### Instructions for the task
Count the lines in the records below that contain the word "Star", and give only that count.

Records contained in a dataset:
=======
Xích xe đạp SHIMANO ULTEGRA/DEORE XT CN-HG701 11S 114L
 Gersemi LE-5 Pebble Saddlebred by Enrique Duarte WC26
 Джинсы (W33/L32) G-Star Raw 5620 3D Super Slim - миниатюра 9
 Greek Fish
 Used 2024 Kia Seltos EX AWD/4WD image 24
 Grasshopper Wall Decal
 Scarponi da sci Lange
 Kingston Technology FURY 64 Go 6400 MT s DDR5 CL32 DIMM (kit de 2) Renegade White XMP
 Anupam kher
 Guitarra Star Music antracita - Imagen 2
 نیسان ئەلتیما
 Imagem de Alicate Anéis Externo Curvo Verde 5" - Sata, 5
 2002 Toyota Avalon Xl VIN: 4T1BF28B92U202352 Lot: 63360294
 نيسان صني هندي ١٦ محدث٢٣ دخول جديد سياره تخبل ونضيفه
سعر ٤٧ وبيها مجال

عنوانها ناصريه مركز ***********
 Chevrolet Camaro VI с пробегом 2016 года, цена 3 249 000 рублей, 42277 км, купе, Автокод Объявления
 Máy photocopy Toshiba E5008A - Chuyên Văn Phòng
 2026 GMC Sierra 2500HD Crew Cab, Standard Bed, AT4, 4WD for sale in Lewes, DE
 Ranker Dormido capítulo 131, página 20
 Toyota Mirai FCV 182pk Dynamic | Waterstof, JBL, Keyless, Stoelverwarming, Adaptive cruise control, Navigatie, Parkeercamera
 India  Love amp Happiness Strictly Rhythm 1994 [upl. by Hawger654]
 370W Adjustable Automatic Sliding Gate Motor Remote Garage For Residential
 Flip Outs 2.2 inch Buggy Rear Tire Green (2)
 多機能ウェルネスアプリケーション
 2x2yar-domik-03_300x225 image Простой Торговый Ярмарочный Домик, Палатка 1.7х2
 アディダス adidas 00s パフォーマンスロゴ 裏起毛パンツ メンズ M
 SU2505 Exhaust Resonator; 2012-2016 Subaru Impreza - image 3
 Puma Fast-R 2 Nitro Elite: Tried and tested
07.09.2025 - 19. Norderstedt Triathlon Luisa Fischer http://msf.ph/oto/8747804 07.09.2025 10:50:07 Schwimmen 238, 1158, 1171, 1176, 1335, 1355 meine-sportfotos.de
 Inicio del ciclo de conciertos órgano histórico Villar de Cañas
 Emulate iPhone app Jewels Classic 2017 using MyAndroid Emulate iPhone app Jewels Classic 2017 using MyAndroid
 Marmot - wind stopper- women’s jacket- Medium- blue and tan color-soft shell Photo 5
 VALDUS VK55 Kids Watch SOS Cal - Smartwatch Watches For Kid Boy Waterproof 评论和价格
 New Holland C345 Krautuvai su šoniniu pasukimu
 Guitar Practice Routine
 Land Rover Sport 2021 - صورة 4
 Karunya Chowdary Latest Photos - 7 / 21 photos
=======
### Result for this task
2